__Problem to solve__: Pictures aside, repeat every entry exactly.

__Entries taken from a collection__:
== Segment start ==

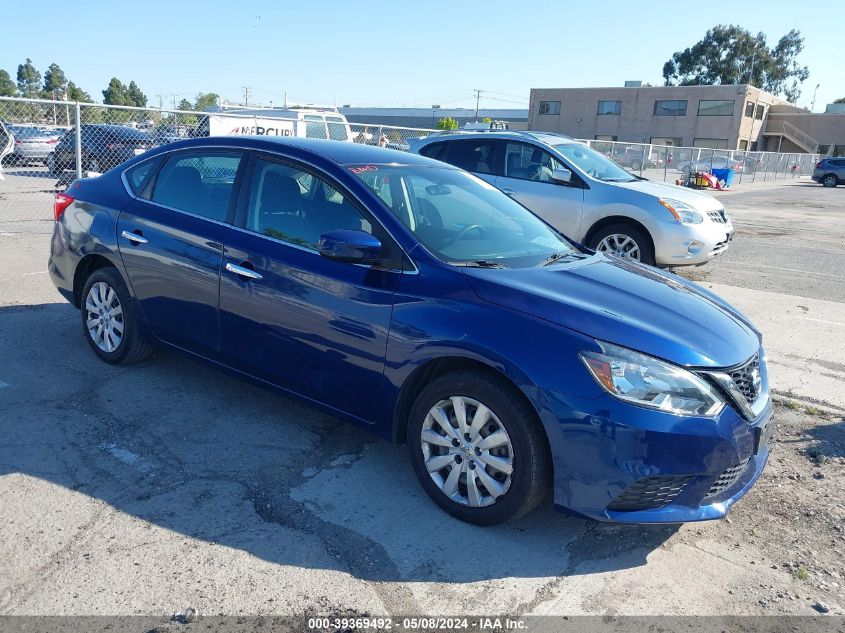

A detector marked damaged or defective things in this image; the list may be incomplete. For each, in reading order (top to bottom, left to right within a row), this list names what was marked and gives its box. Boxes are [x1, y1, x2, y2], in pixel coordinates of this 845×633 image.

cracked pavement [0, 180, 840, 616]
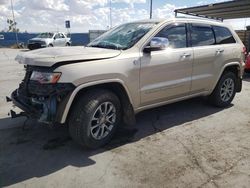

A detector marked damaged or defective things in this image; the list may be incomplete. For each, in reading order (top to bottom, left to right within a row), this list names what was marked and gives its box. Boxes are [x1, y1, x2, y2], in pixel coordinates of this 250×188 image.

dented hood [15, 46, 121, 67]
damaged front end [9, 65, 75, 124]
damaged wheel well [67, 83, 136, 125]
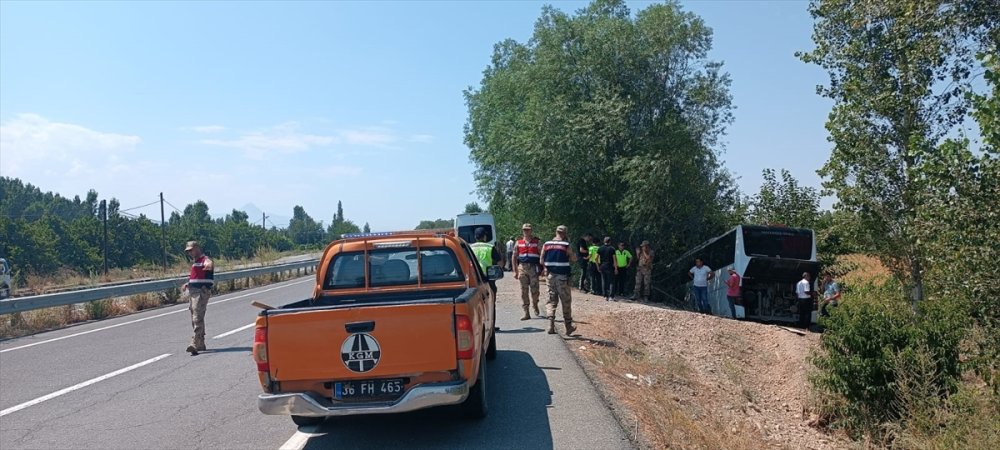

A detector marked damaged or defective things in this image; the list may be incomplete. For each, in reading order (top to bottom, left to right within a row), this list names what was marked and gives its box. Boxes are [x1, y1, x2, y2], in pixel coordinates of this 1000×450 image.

damaged bus [664, 225, 820, 324]
overturned passenger bus [664, 225, 820, 324]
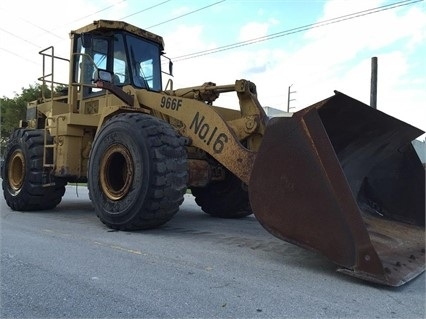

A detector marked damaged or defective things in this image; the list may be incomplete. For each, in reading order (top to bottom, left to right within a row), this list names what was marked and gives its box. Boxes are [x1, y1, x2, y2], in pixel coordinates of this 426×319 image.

rusty metal bucket [248, 92, 424, 288]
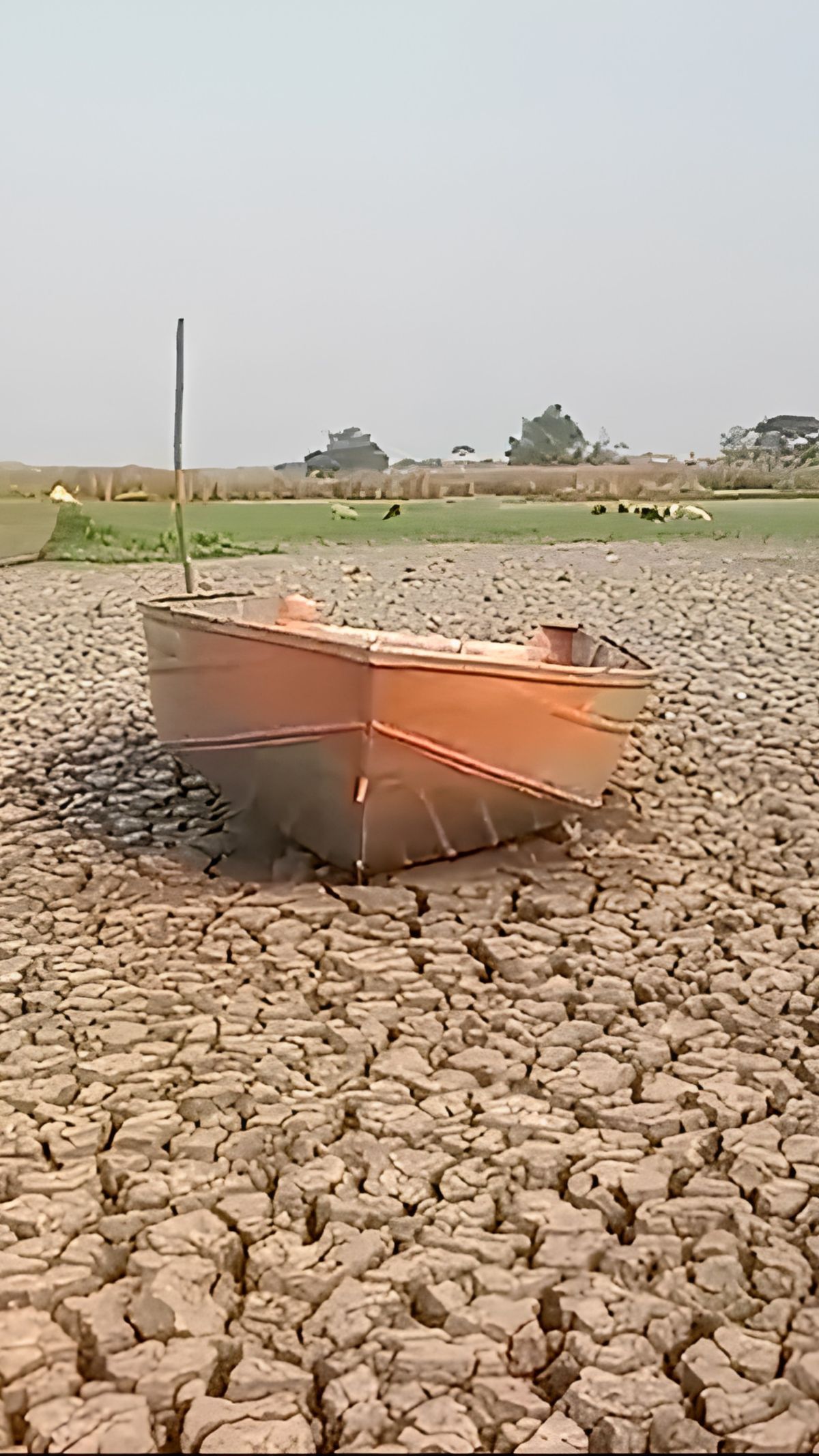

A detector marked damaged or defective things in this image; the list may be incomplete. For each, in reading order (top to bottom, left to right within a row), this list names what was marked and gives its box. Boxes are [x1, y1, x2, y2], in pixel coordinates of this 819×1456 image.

rusty metal edge on boat [138, 585, 650, 867]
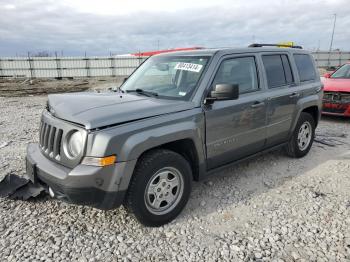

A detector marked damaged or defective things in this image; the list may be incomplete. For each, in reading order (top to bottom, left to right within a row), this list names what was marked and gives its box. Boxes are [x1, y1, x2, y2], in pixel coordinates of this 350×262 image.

damaged bumper [26, 142, 132, 210]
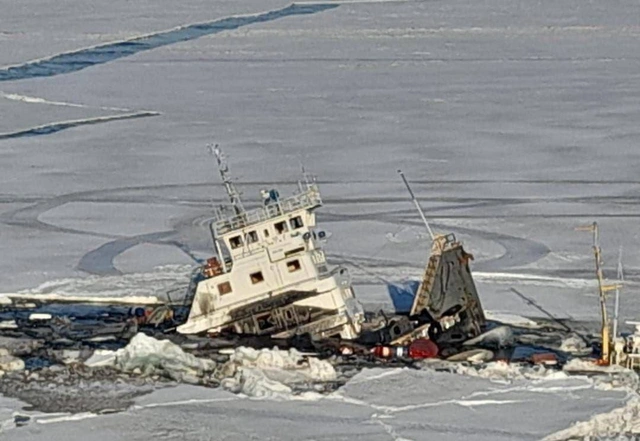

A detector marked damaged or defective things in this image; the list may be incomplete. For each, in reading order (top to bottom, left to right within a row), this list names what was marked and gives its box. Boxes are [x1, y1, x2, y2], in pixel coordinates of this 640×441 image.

damaged white vessel [176, 148, 364, 336]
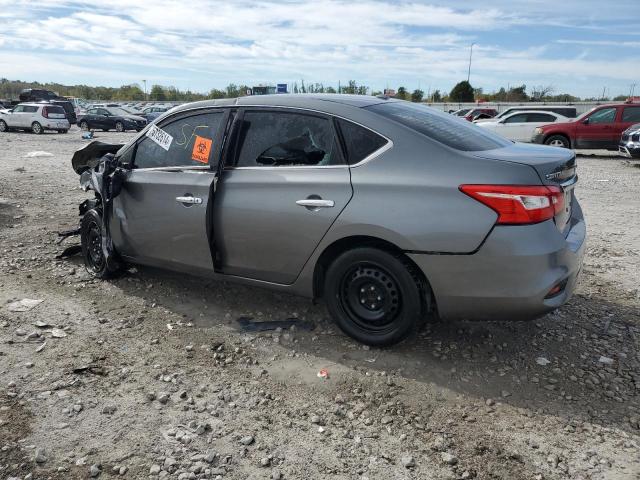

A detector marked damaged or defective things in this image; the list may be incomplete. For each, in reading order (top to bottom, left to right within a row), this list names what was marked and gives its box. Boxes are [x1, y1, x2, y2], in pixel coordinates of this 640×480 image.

damaged hood [71, 141, 124, 174]
wrecked car [70, 94, 584, 344]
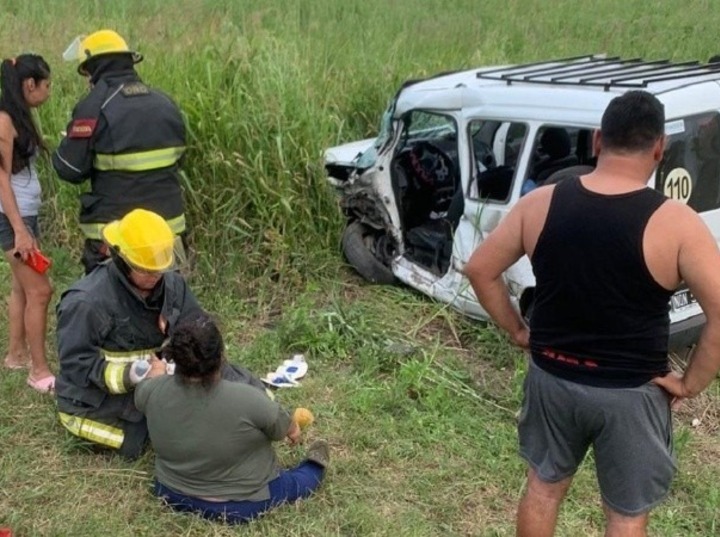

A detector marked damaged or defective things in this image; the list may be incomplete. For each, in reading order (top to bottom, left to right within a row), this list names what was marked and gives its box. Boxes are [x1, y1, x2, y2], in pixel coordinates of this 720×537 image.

wrecked white van [324, 52, 720, 350]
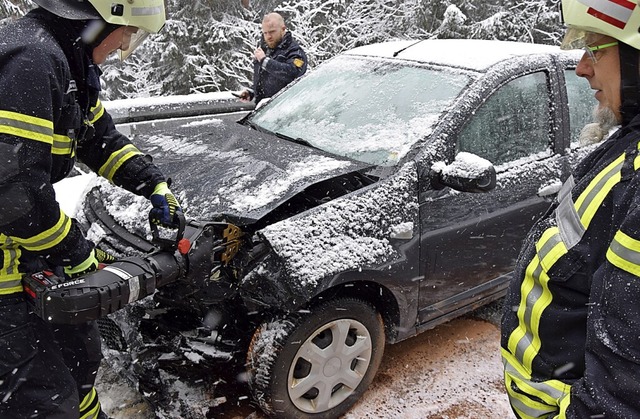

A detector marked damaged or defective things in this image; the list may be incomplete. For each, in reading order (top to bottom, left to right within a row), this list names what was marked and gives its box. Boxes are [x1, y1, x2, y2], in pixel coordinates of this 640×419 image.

crumpled car hood [100, 116, 372, 228]
crashed black car [79, 38, 596, 416]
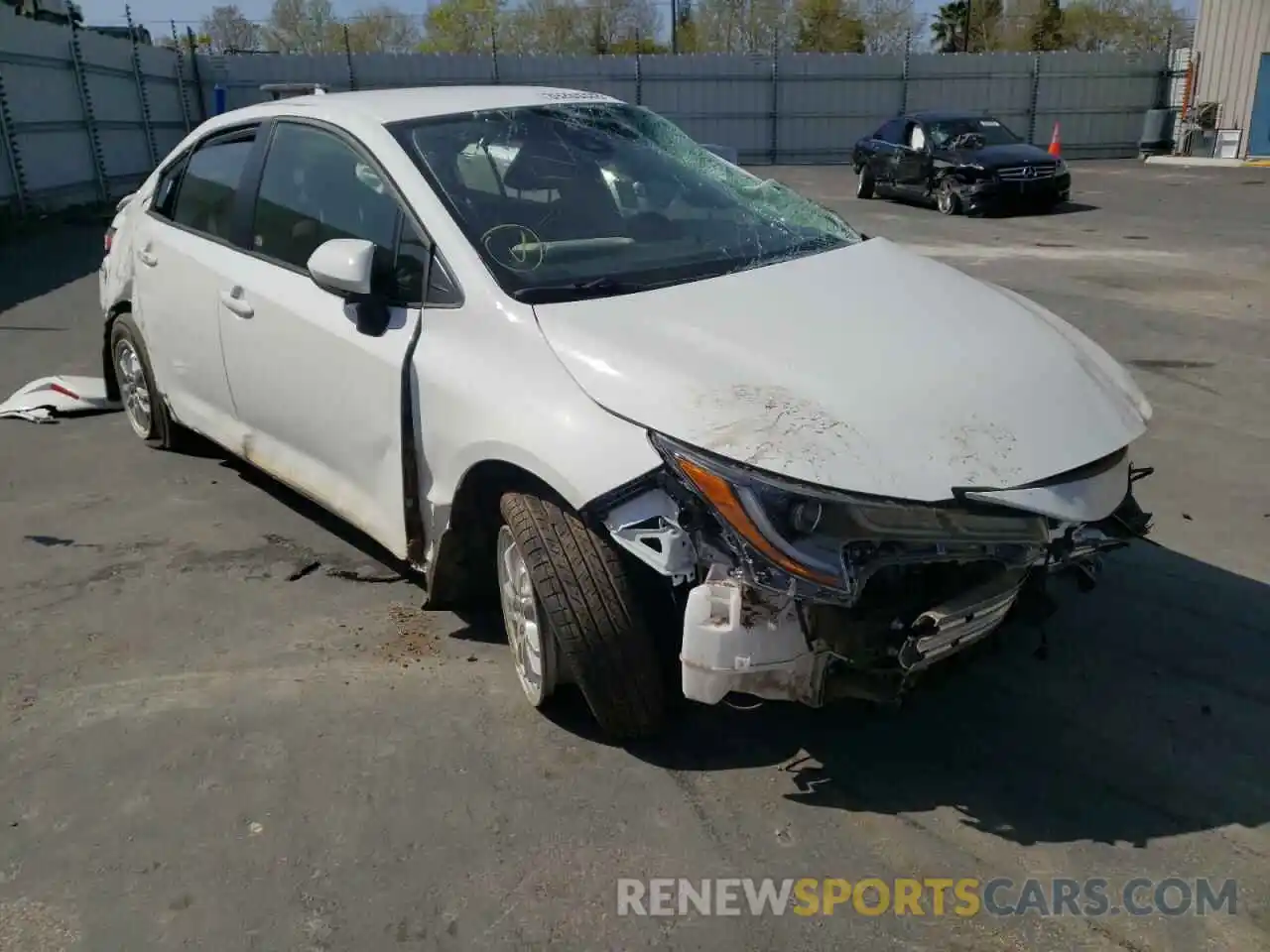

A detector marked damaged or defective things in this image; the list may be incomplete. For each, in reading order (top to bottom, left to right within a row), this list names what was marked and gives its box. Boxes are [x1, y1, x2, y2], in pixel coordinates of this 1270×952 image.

cracked windshield [391, 103, 858, 301]
damaged black sedan [853, 112, 1072, 216]
damaged white car [101, 87, 1153, 736]
crumpled hood [531, 238, 1148, 502]
exposed headlight [650, 431, 1046, 596]
car front end damage [596, 436, 1153, 710]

== Segment end ==

__Output for this task__:
A detector marked damaged or defective things in this image; the list may be incomplete. For each, in reading order (top to bottom, left to right within a row), this list names what was marked and gives its box. Boxes are [x1, y1, x2, y2], in pixel coordinates of this 845×633 image.

cracked pavement [0, 180, 840, 616]

A detector marked damaged or defective things in this image; the list may be incomplete. For each, in reading order (top to bottom, left to right within a row), this list names what was marked and gives its box. Boxes are [x1, y1, x2, y2], in pixel coordinates of this 250×188 image.

dented hood [15, 46, 121, 67]
damaged front end [9, 65, 75, 124]
damaged wheel well [67, 83, 136, 125]

A detector marked damaged or defective things in this image; the list may be incomplete. For each, in reading order (top to bottom, left to right within a row), this list names what was marked and gives its box. Boxes are [x1, y1, x2, y2], in pixel coordinates of this 1000×450 image.

damaged bus [664, 225, 820, 324]
overturned passenger bus [664, 225, 820, 324]

A detector marked damaged or defective things in this image; the list may be incomplete. For each, in reading order (top to bottom, left to right within a row), this list names what was marked and gives its box. Boxes are [x1, y1, x2, y2], in pixel coordinates of this 426×319 image.

rusty metal bucket [248, 92, 424, 288]

A detector marked damaged or defective things in this image; the list may be incomplete. For each, in reading order (top to bottom, left to right within a row), this list names what was marked and gives its box. Boxes are [x1, y1, x2, y2], in pixel coordinates of this 819×1456 image.

rusty metal edge on boat [138, 585, 650, 867]

A detector marked damaged or defective things in this image; the list may be incomplete. For each, in reading order (top to bottom, left to right within a row), this list names what was marked and gives its box. Boxes are [x1, y1, x2, y2], in pixel coordinates of this 350×262 image.

damaged bumper [26, 142, 132, 210]

A detector marked damaged or defective things in this image; the list may be incomplete. For each, in reading order (top to bottom, left to right within a row), this list names what was marked and gives its box. Boxes are [x1, y1, x2, y2], in pixel coordinates of this 640×441 image.

damaged white vessel [176, 148, 364, 336]

A detector marked damaged or defective things in this image; the list may be incomplete. For each, in reading order (top to bottom, left to right within a row), this list names what was marked and gives its box. Boxes are [x1, y1, x2, y2], in pixel coordinates of this 640×480 image.

damaged hood [71, 141, 124, 174]
wrecked car [70, 94, 584, 344]

A detector marked damaged or defective things in this image; the list may be incomplete. For each, in reading order (top to bottom, left to right within a row), this list names what was marked and gives its box. Boxes are [x1, y1, x2, y2], in pixel coordinates of this 720×537 image.

wrecked white van [324, 52, 720, 350]

A detector marked damaged or defective things in this image; the list may be incomplete. For each, in reading order (top to bottom, left to right within a row), this list names what was marked and gives its box. Boxes are [x1, y1, x2, y2], in pixel coordinates of this 640×419 image.

crumpled car hood [100, 116, 372, 228]
crashed black car [79, 38, 596, 416]

A detector marked damaged or defective things in this image; the list may be incomplete. For each, in reading order (top to bottom, left to right within a row), this list names what was marked and gives its box. Boxes are [x1, y1, x2, y2], in pixel coordinates of this 1270×952 image.

cracked windshield [391, 103, 858, 301]
damaged black sedan [853, 112, 1072, 216]
damaged white car [101, 87, 1153, 736]
crumpled hood [531, 238, 1148, 502]
exposed headlight [650, 431, 1046, 596]
car front end damage [596, 436, 1153, 710]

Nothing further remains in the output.